Task instructions:
Could you copy exactly the lines from the one containing "Zyxin Antibody - Western" through the last line of the records, leaving out every picture?

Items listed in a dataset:
_____
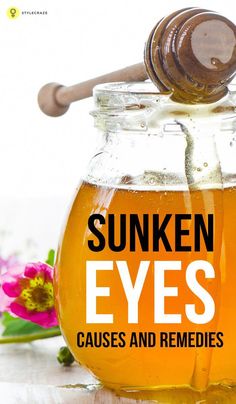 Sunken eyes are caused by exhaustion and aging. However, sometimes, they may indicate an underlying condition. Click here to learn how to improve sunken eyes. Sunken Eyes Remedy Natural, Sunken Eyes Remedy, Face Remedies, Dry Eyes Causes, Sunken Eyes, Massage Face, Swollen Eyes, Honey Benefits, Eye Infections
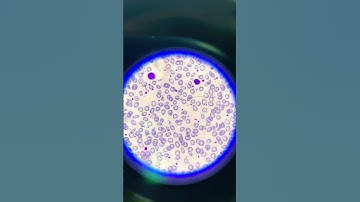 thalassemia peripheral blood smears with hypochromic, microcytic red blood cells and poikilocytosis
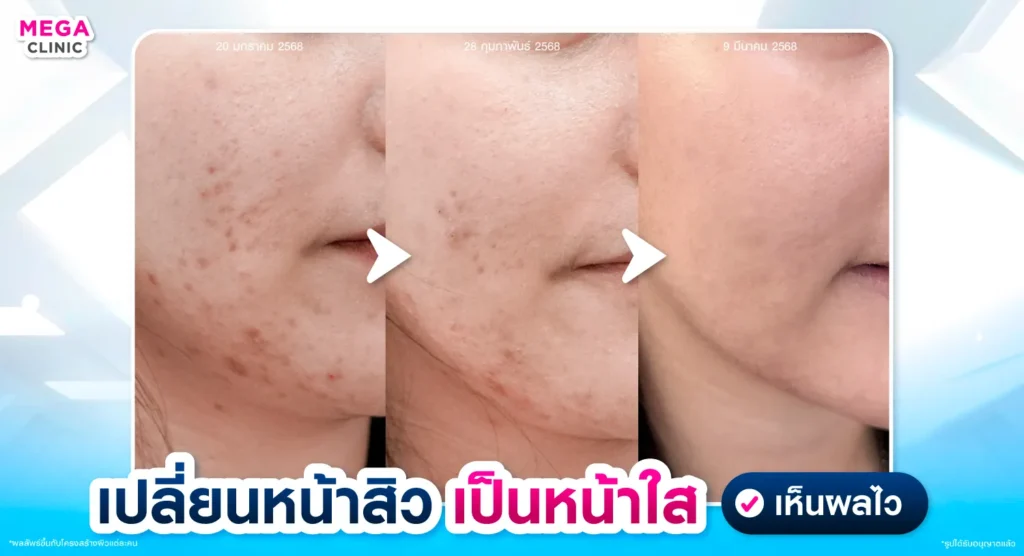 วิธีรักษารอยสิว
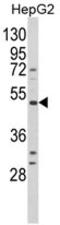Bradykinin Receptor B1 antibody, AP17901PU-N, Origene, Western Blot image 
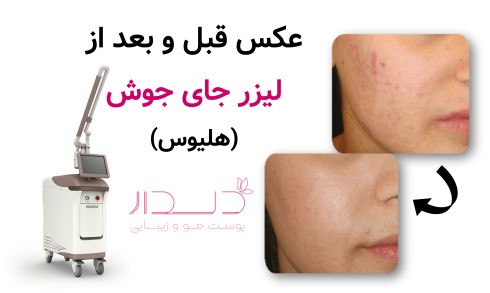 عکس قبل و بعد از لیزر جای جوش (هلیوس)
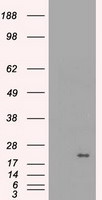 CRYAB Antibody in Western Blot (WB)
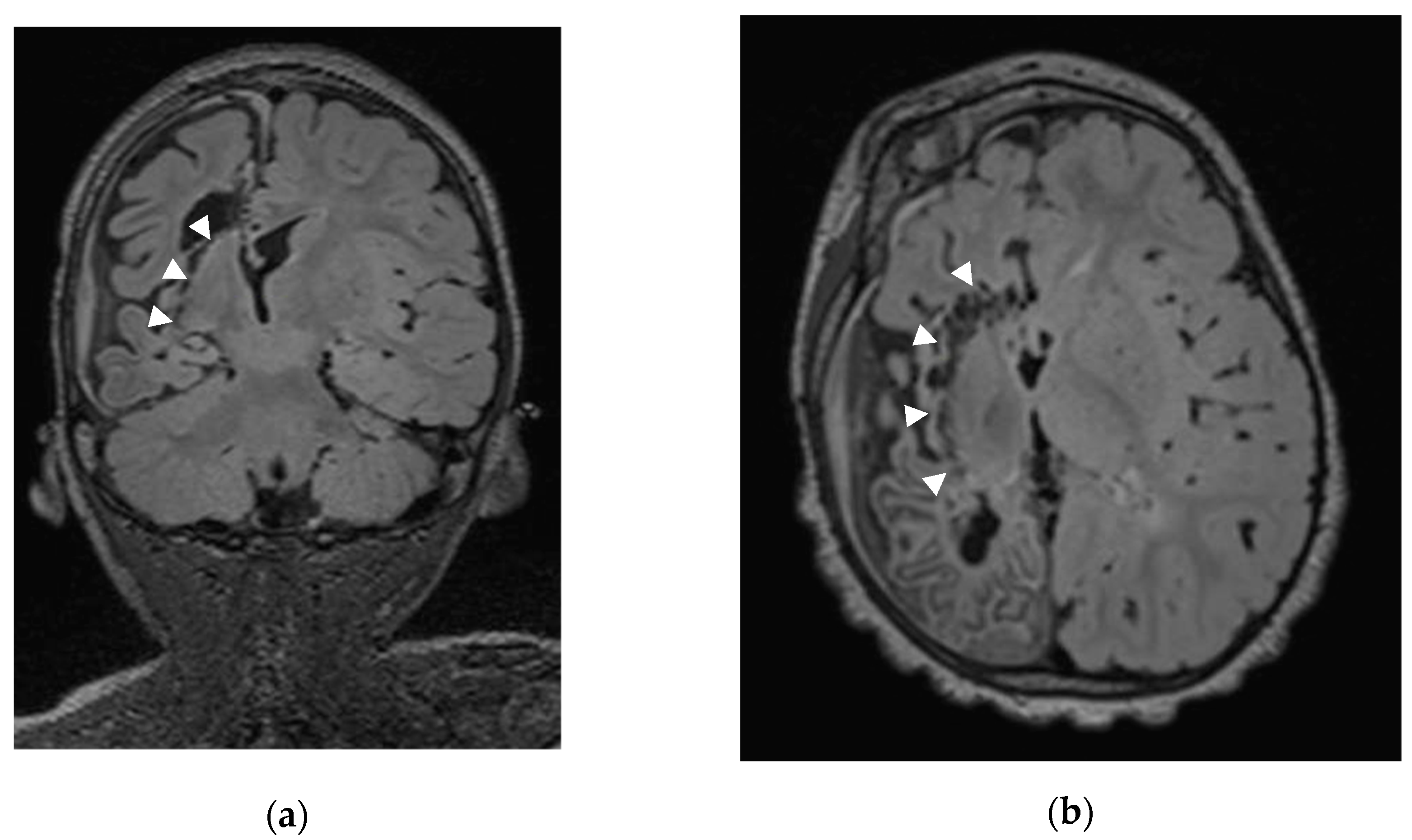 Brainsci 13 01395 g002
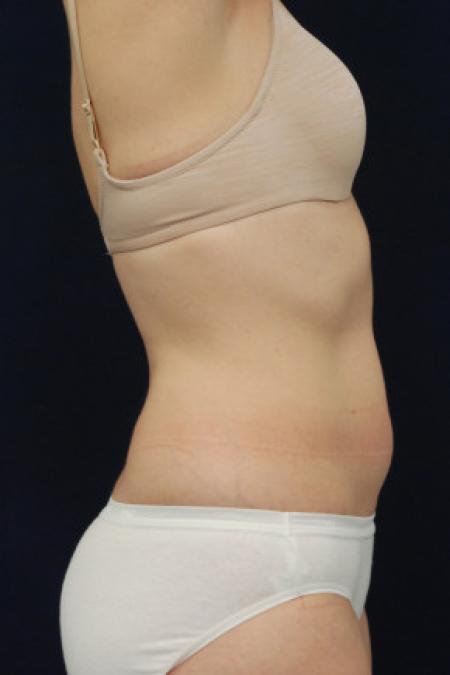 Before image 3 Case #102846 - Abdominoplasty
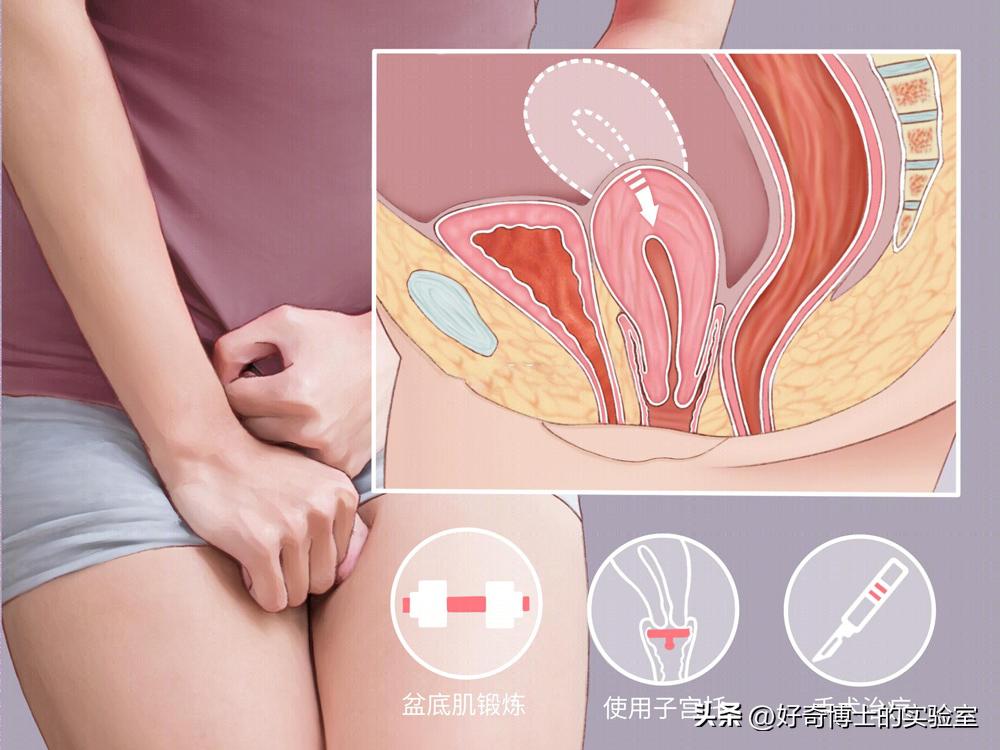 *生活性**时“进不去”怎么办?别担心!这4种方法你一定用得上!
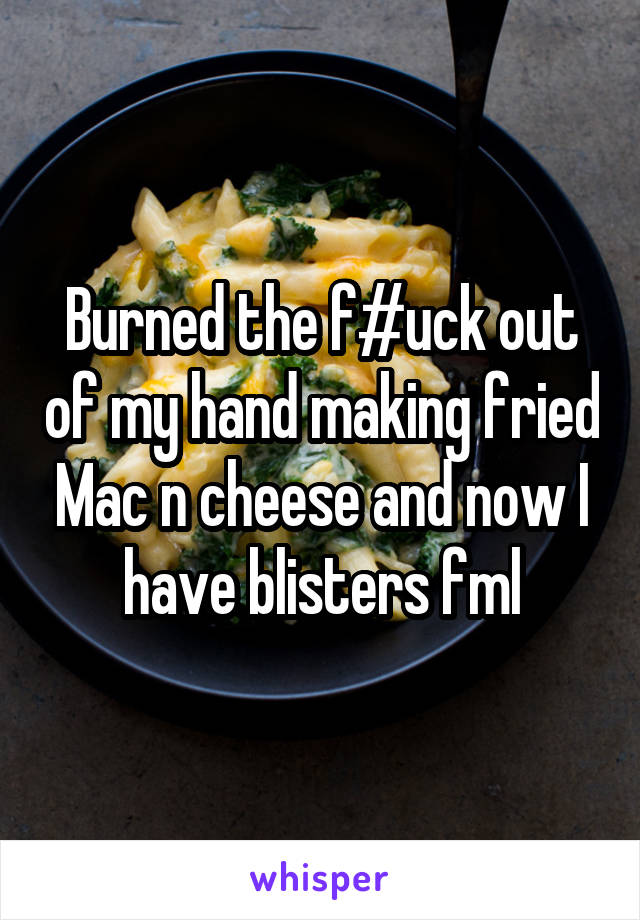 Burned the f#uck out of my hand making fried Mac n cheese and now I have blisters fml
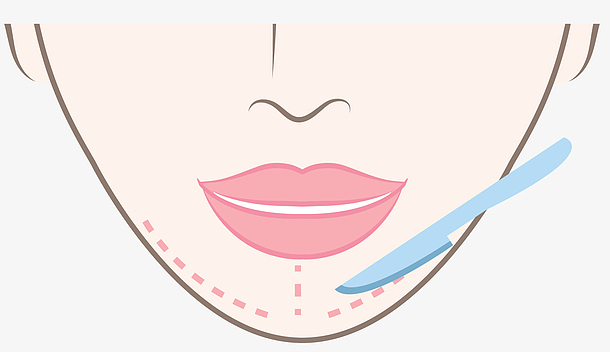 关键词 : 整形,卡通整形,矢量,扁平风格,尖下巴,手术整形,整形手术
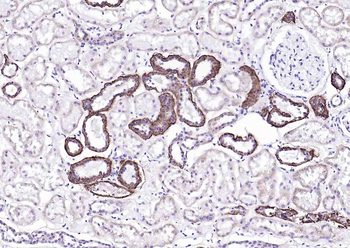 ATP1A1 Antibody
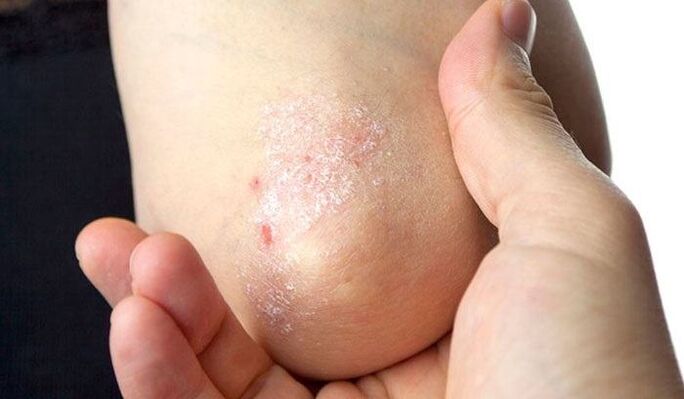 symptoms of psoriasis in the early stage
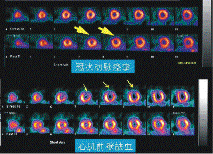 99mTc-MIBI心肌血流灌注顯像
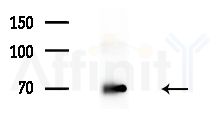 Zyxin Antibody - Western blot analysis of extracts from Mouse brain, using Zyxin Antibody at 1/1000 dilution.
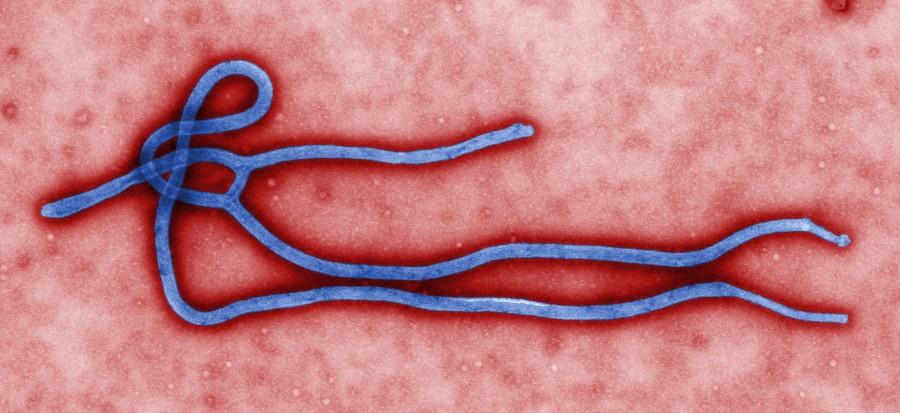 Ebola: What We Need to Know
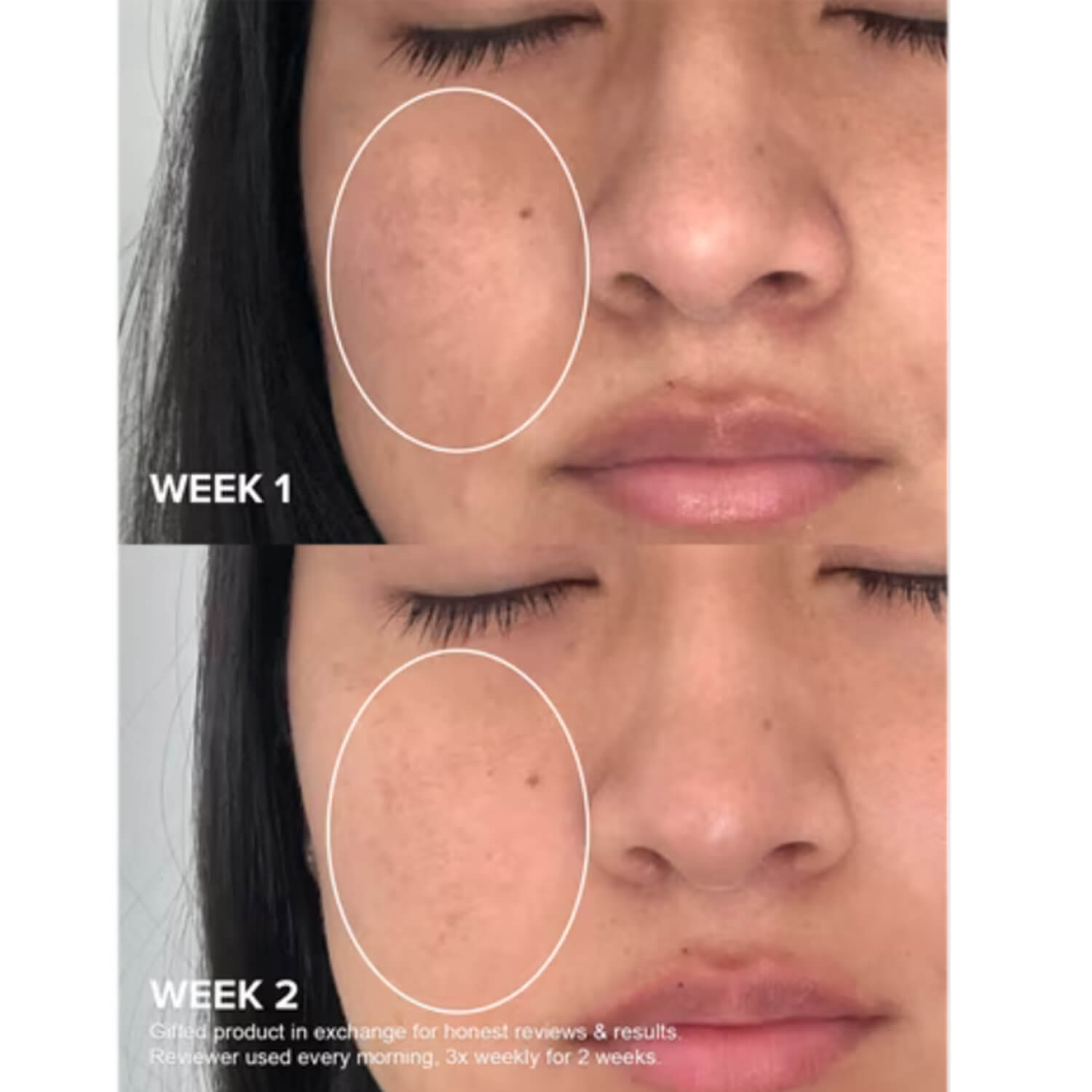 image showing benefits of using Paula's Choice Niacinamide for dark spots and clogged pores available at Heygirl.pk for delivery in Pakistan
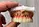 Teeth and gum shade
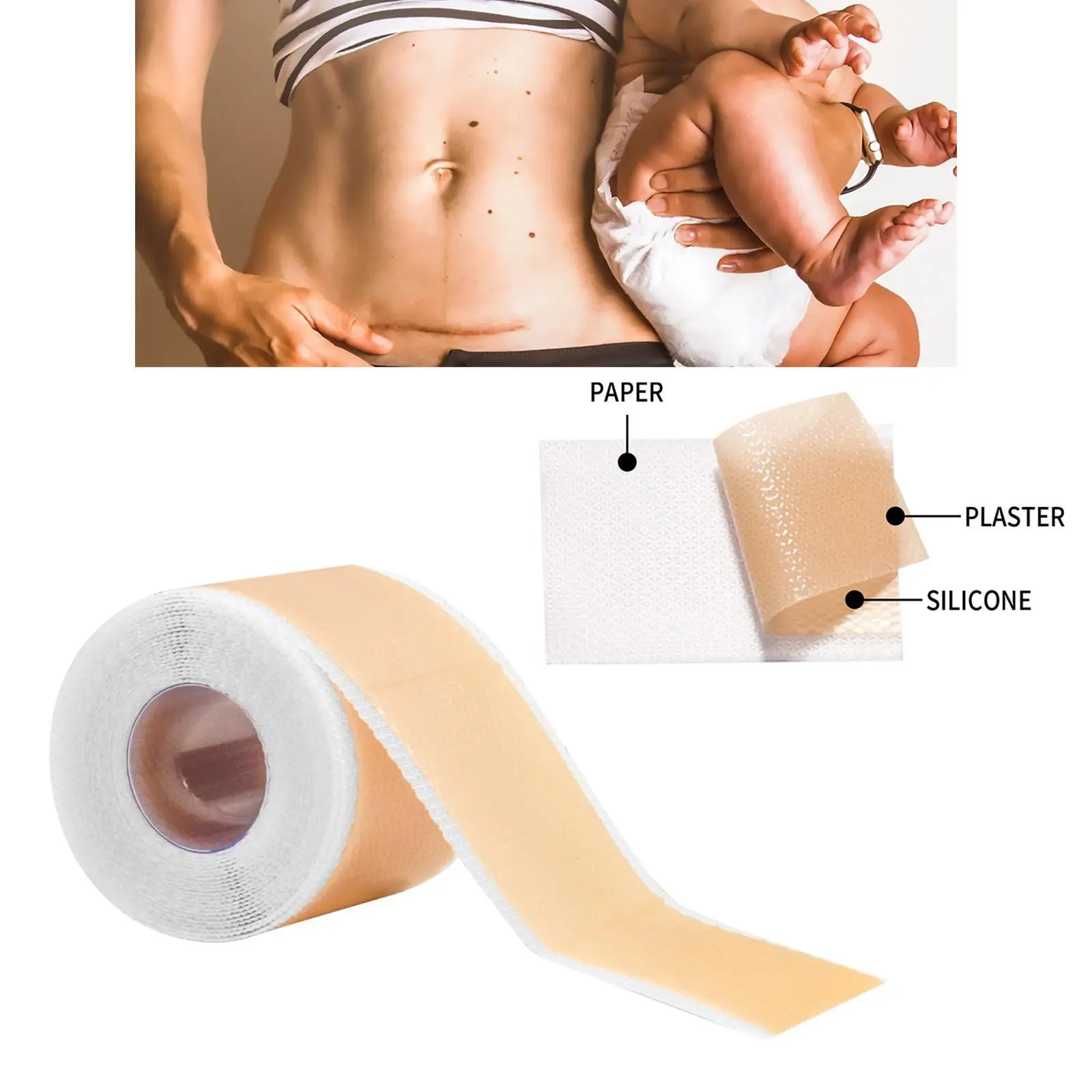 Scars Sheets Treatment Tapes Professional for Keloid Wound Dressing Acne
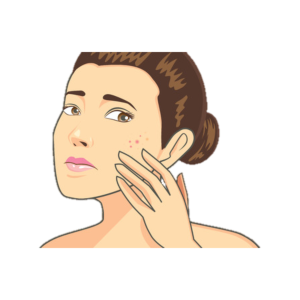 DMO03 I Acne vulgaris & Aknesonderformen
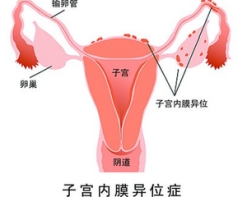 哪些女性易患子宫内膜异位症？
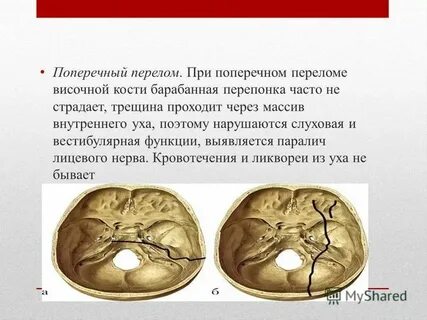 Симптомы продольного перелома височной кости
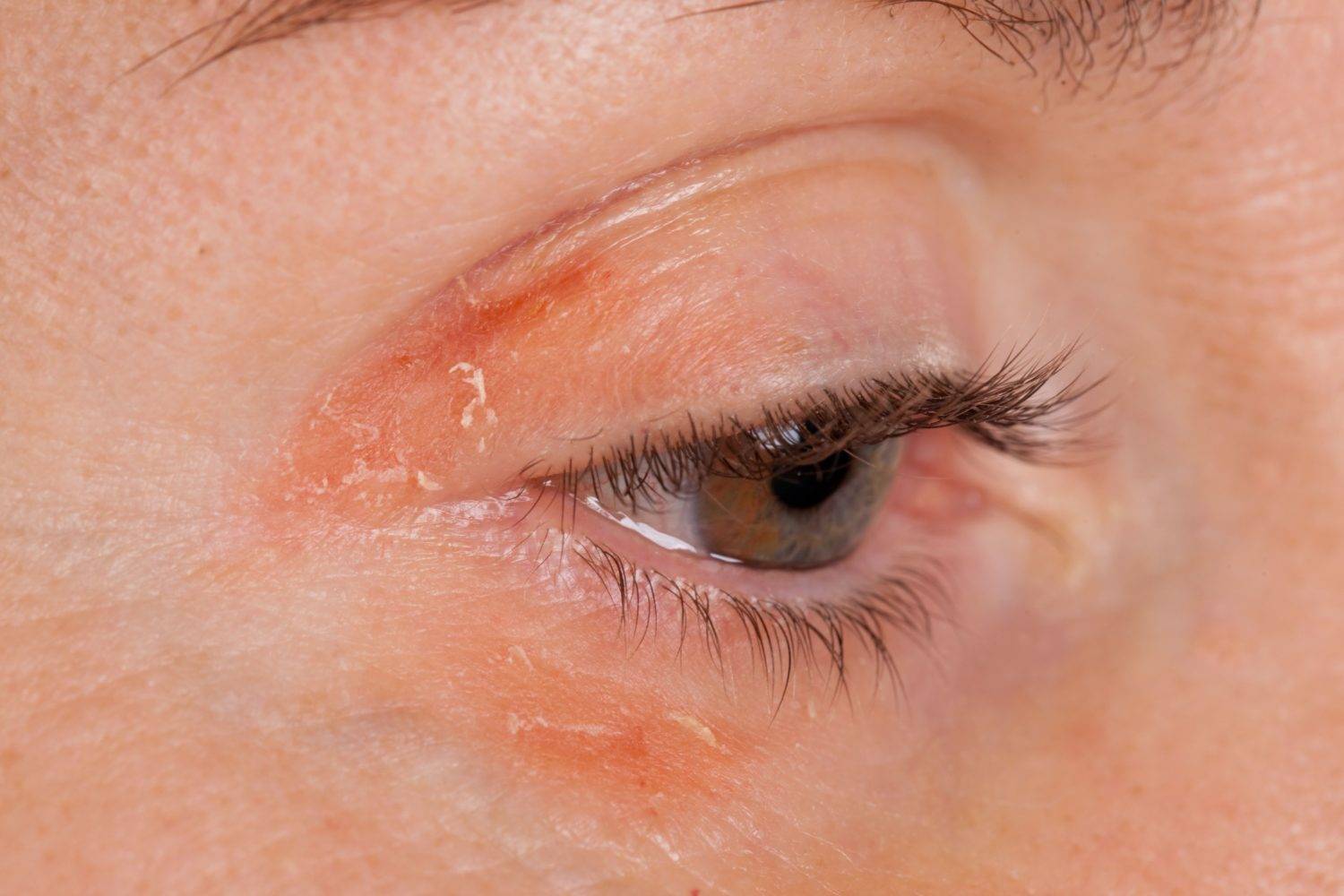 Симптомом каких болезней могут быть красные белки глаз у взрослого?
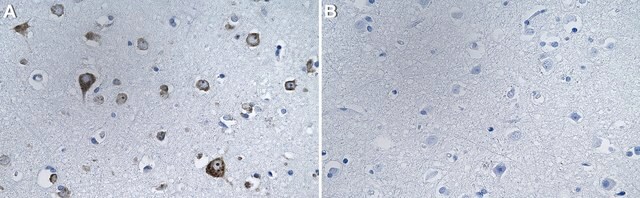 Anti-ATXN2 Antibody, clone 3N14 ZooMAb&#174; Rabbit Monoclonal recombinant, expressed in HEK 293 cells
_____
Solution to this problem:
 Zyxin Antibody - Western blot analysis of extracts from Mouse brain, using Zyxin Antibody at 1/1000 dilution.
 Ebola: What We Need to Know
 image showing benefits of using Paula's Choice Niacinamide for dark spots and clogged pores available at Heygirl.pk for delivery in Pakistan
 Teeth and gum shade
 Scars Sheets Treatment Tapes Professional for Keloid Wound Dressing Acne
 DMO03 I Acne vulgaris & Aknesonderformen
 哪些女性易患子宫内膜异位症？
 Симптомы продольного перелома височной кости
 Симптомом каких болезней могут быть красные белки глаз у взрослого?
 Anti-ATXN2 Antibody, clone 3N14 ZooMAb&#174; Rabbit Monoclonal recombinant, expressed in HEK 293 cells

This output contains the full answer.